The "logs and a Grafana dashboard" era is over. The modern observability stack is denser, more correlated, and more useful.
Logs were the first observability primitive. Then metrics became standard. Then distributed tracing arrived. The three-pillar model is mature, but the connection between the pillars is where the latest gains live.
The three pillars
- Logs: structured records of discrete events. Best for exact-cause root analysis.
- Metrics: numerical aggregates over time. Best for SLOs, alerting, and trend analysis.
- Traces: end-to-end request paths across services. Best for understanding distributed system behavior.
Exemplars: the connecting tissue
An exemplar is a metric data point that includes a pointer to a representative trace. When your latency histogram shows a p99 spike, clicking the spike opens an actual trace from a request that experienced it. This is the feature that turns dashboards from "interesting" to "actionable" in incident response.
OpenTelemetry: the standard
OpenTelemetry (OTel) is now the default instrumentation library across languages. Replace your vendor-specific Datadog, New Relic, or proprietary SDK with OTel; you can route the same data to any backend (Datadog, Honeycomb, Grafana Cloud, Jaeger). Vendor lock-in is no longer the price of observability.
What to instrument
- HTTP/gRPC servers (auto-instrument via OTel SDK).

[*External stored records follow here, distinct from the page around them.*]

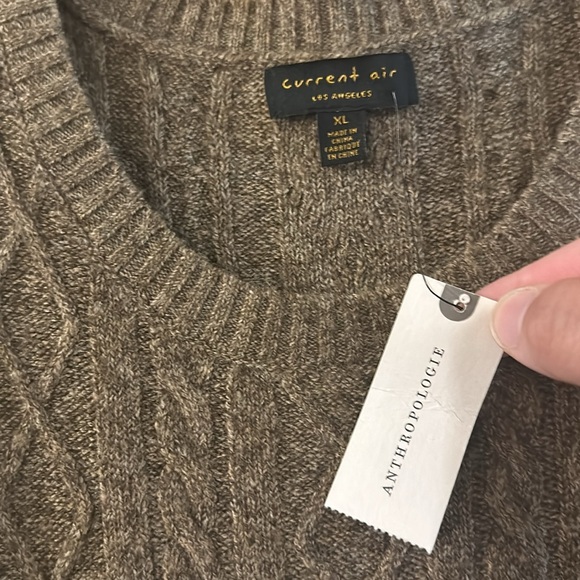 Anthropologie Current Air Cable Knit Sweater Midi Maxi Dress New Brown Size XL - Picture 8 of 12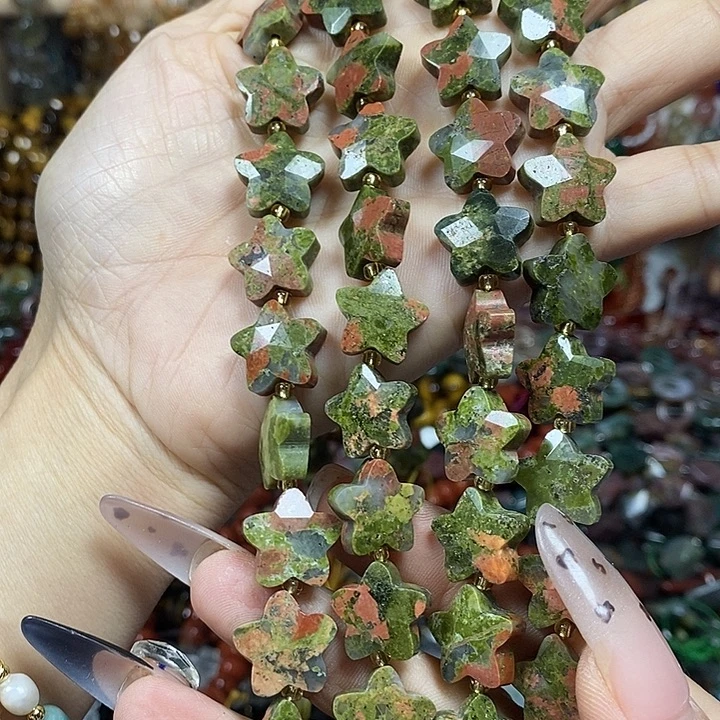 玛瑙/玉髓未镶嵌珠宝半成品天然花绿宝切面五角星卡14mm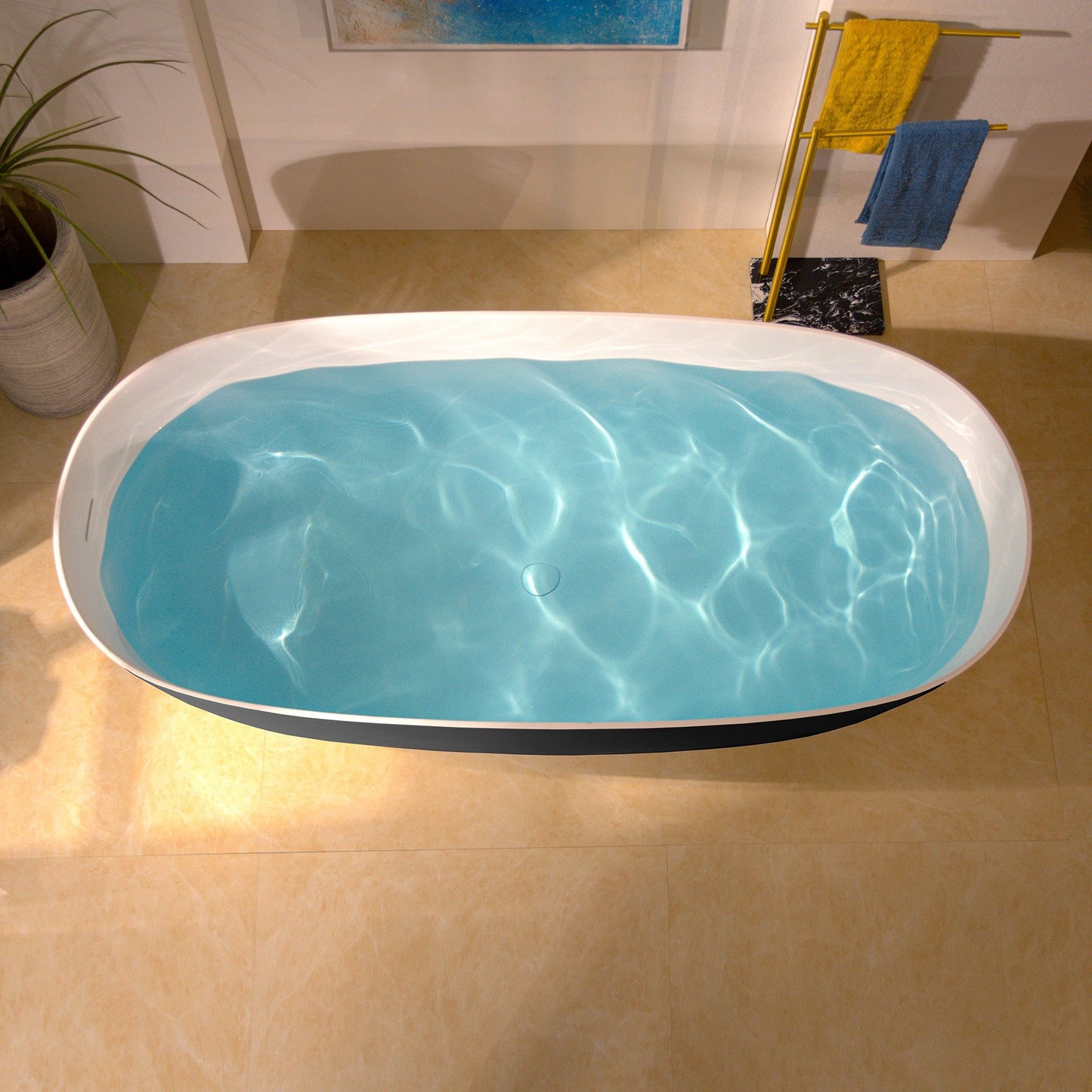 WOODBRIDGE 69" L x 32" W Luxury Contemporary Solid Surface Stone Resin Freestanding Bathtub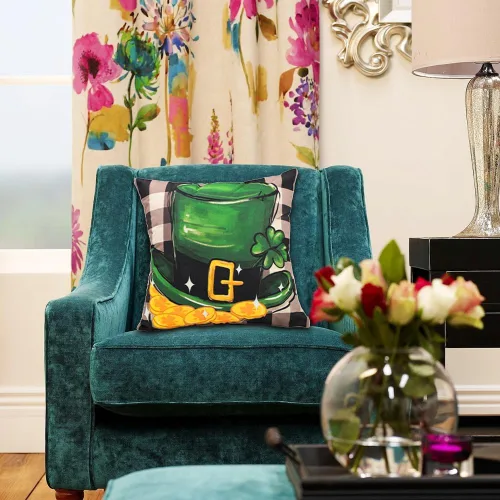 Vista 7 de Vellibring Fundas de almohada del Día de San Patricio de 18 x 18 pulgadas, fundas de almohada para decoración de sofá y decoración de sofá, diseño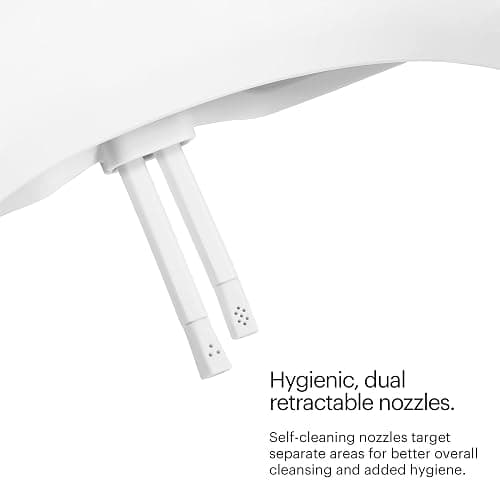Brondell Bidet Toilet Seat, Non-Electric Swash Ecoseat, Fits Elongated Toilets, White - Dual Temperature, Dual Nozzle System - Bidet with Easy Installation thumbnail 4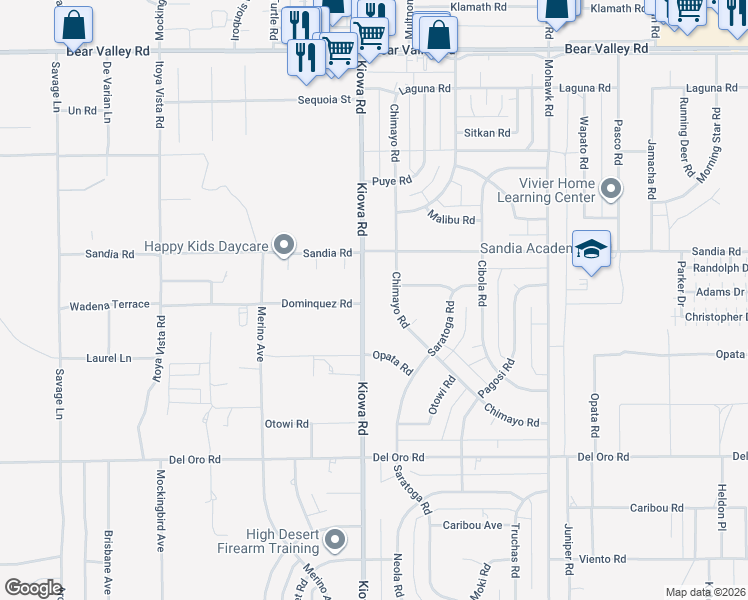 map of restaurants, bars, coffee shops, grocery stores, and more near 11609 Kiowa Road in Apple Valley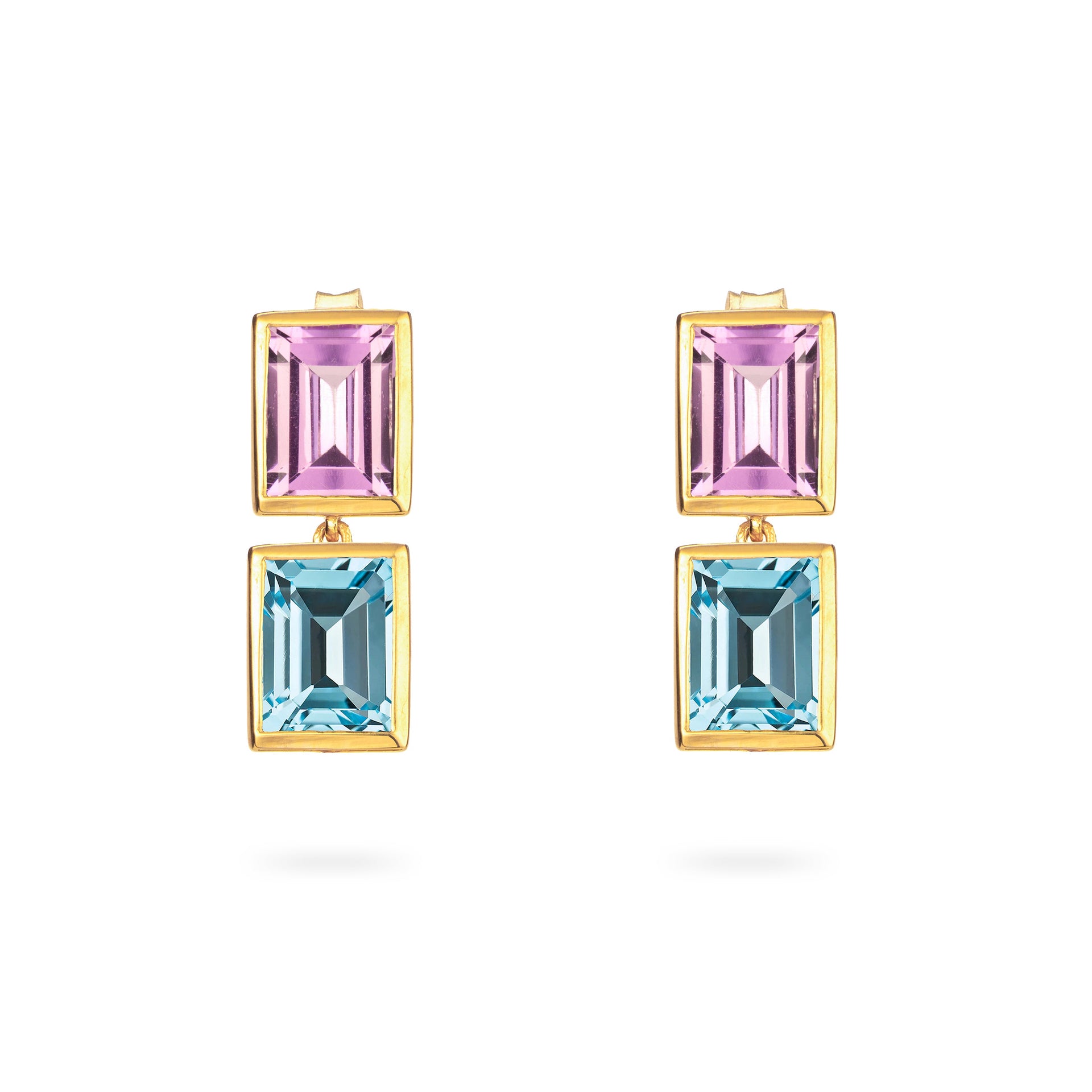 Purple Amethyst and Sky Blue Topaz 2 Drop Earrings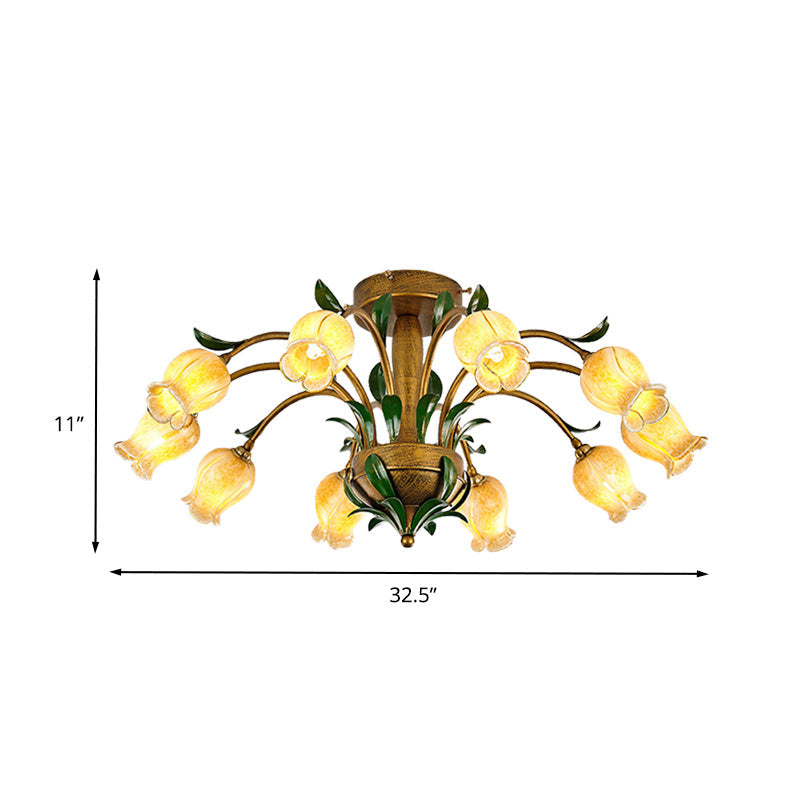 Brass 6/8/10 Bulbs Semi Flush American Garden Metal Tulip LED Close to Ceiling Lighting Fixture for Living Room Clearhalo 'Ceiling Lights' 'Close To Ceiling Lights' 'Close to ceiling' 'Semi-flushmount' Lighting' 401499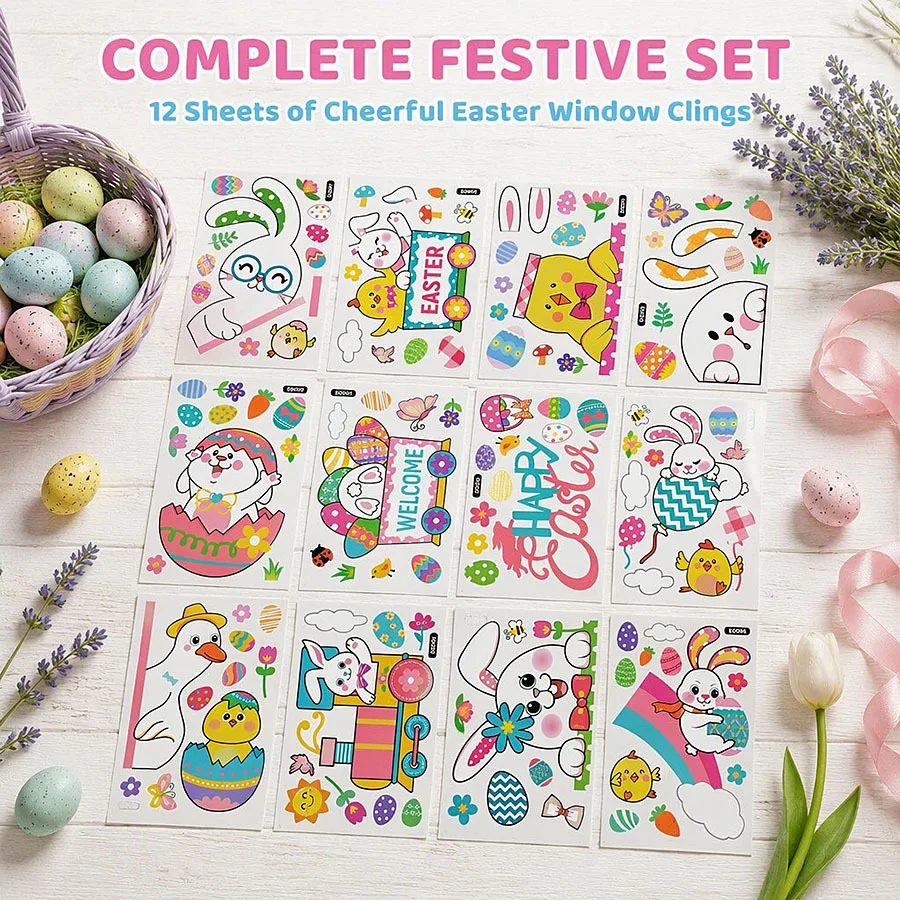 5Pcs Easter Window Stickers Rabbit Floral Chick Pattern Removable Reusable Double Sided for Bedroom Living Room Decor
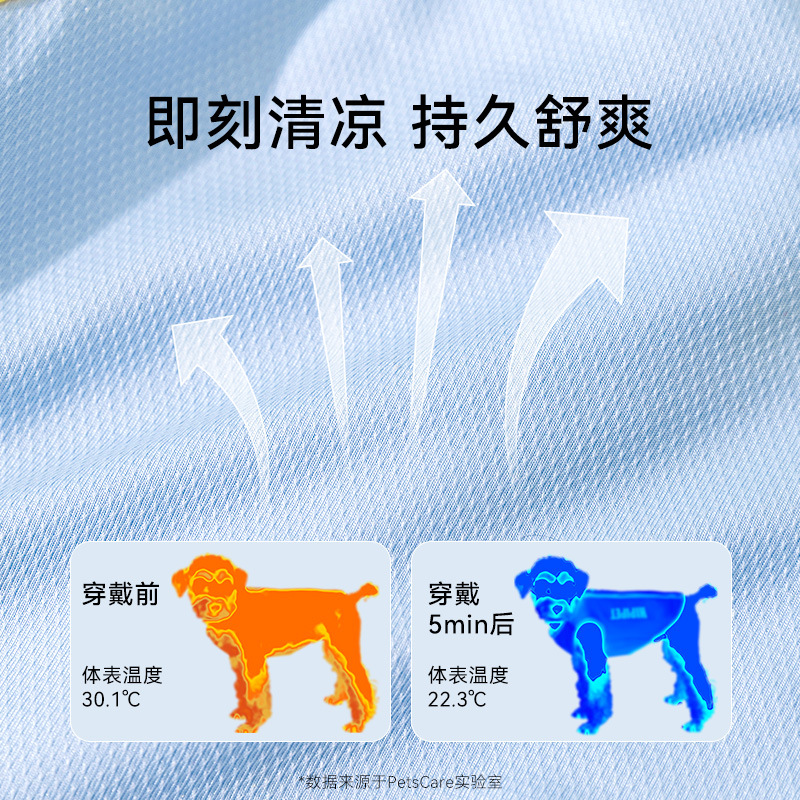 Tracción con cremallera simple, ropa fresca, perros pequeños, enfriamiento de verano, agua húmeda, ropa para cachorros, ropa para perros para mascotas, ropa para perros al por mayor
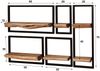 Wandregal Bordna Akazie massiv, Industrial Design mit Metallrahmen, Natur, 5er-Set, 6 Ablagen Bild 4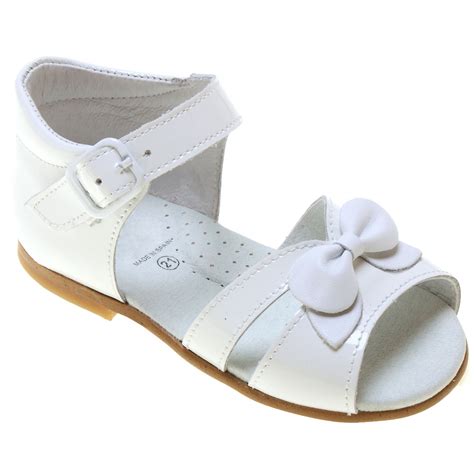 Girls White Sandals In Patent Leather | Cachet Kids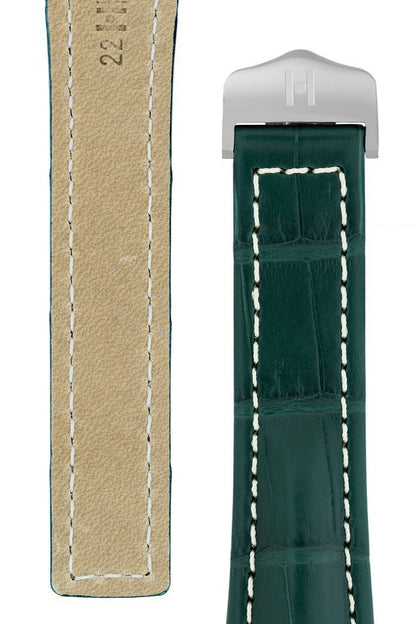 Λουρί Navigator Louisiana Alligator 0700-7449 Green Leather Strap - Κοσμηματοπωλείο Goldy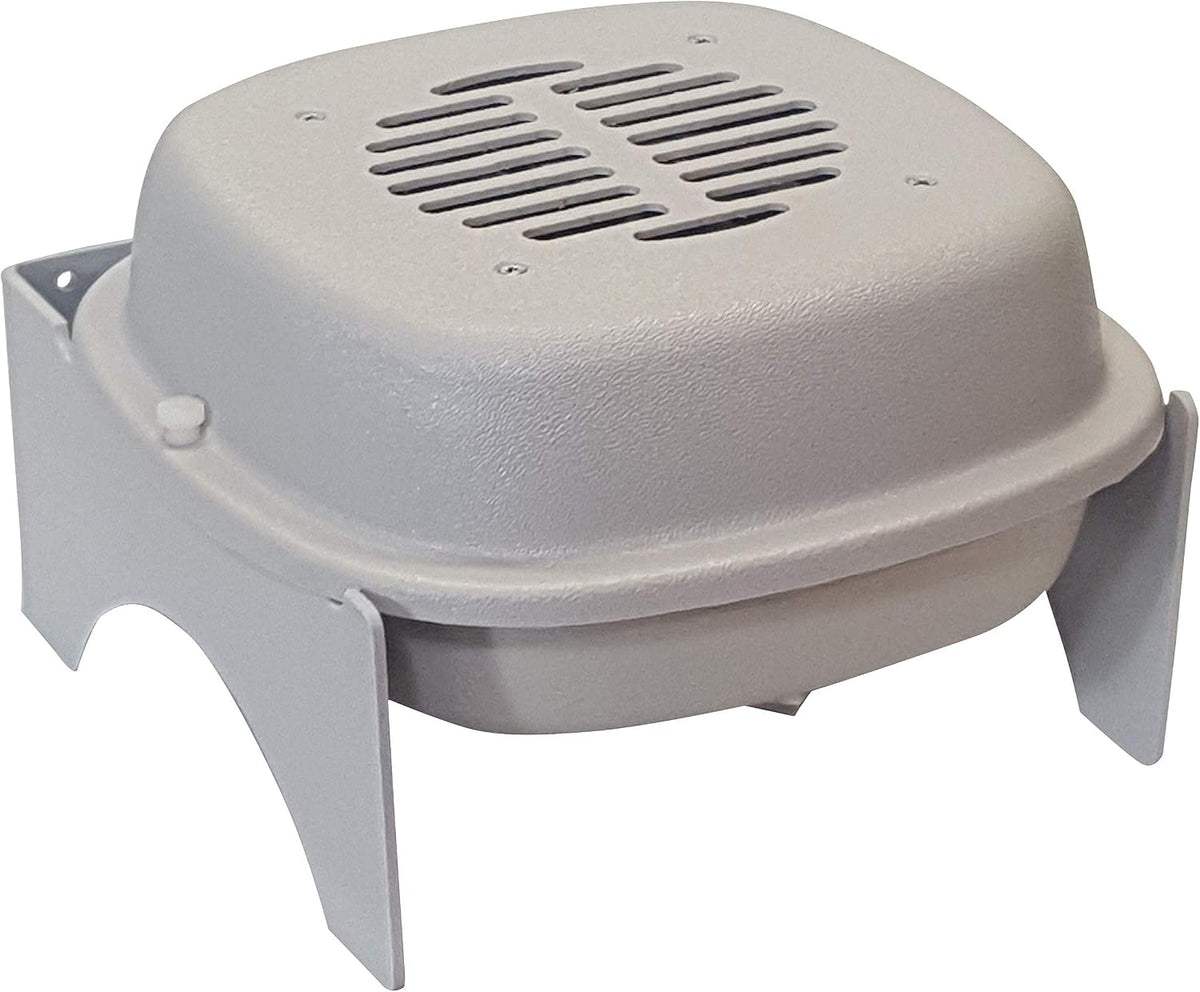 White mounting bracket for pet odor filter on drywall surface
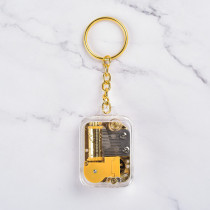 Mini gold-plated movement square key chain pendant Music Box Music Box Music Box birthday gift creative gift craft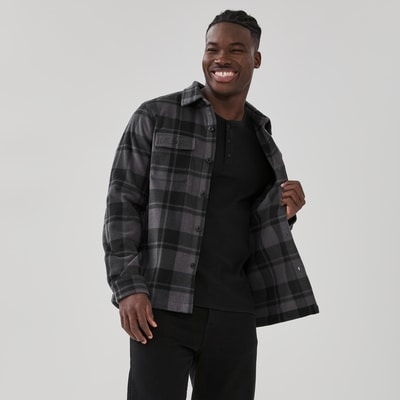 Men's Active Microfleece Overshirt - Dark Grey
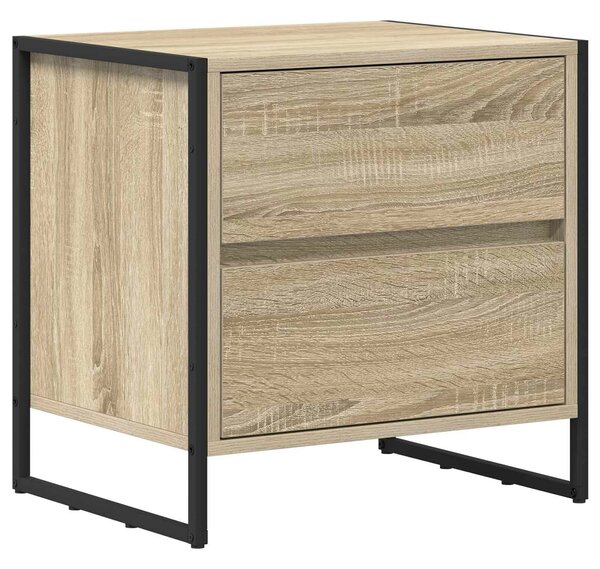 VidaXL Éjjeli asztal fiókkal 2 pcs Sonoma 50 x 39.5 x 50 cm Faanyag
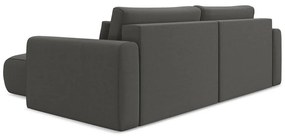 Sötétszürke bársony kinyitható-tárolóhelyes sarokkanapé (jobb oldali-heverő résszel) Kapua – Makamii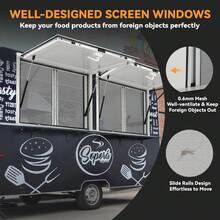 Ventana de concesión de aleación de aluminio para camiones de comida y casas rodantes – Ventanas de malla deslizantes horizontales dobles, puerta toldo parasol de 85°, ideal para cocinas móviles, servicio y ventilación – Disponible en varios tamaños - A - Ver 4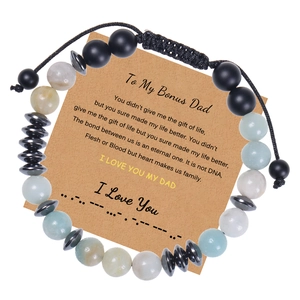 Morse code braided bracelet for Bonus Dad with Amazonite beads and sentiment card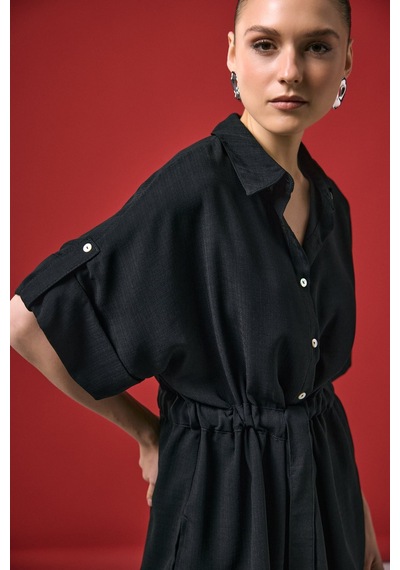 Beli Bağlamalı Kimono Gömlek - Siyah-137288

- Database clients (auto-instrument).
- Outbound HTTP calls to dependencies.
- Background job queues — frame each job as a span.
- Critical business spans (e.g., "process_payment", "send_invoice") with attributes (customer_id, amount).
What to alert on
Alert on SLO burn rate, not on individual error counts. A multi-window, multi-burn-rate alerting policy from Google's SRE workbook is the gold standard. It catches both fast burns (immediate page) and slow burns (something is degraded) without false positives.
What we install
For most clients: OpenTelemetry SDK + Collector deployed as a sidecar or daemonset, routing to Grafana Cloud for storage and visualization. Total monthly cost for a mid-size workload: under $500. The signal-to-noise ratio improvement is dramatic.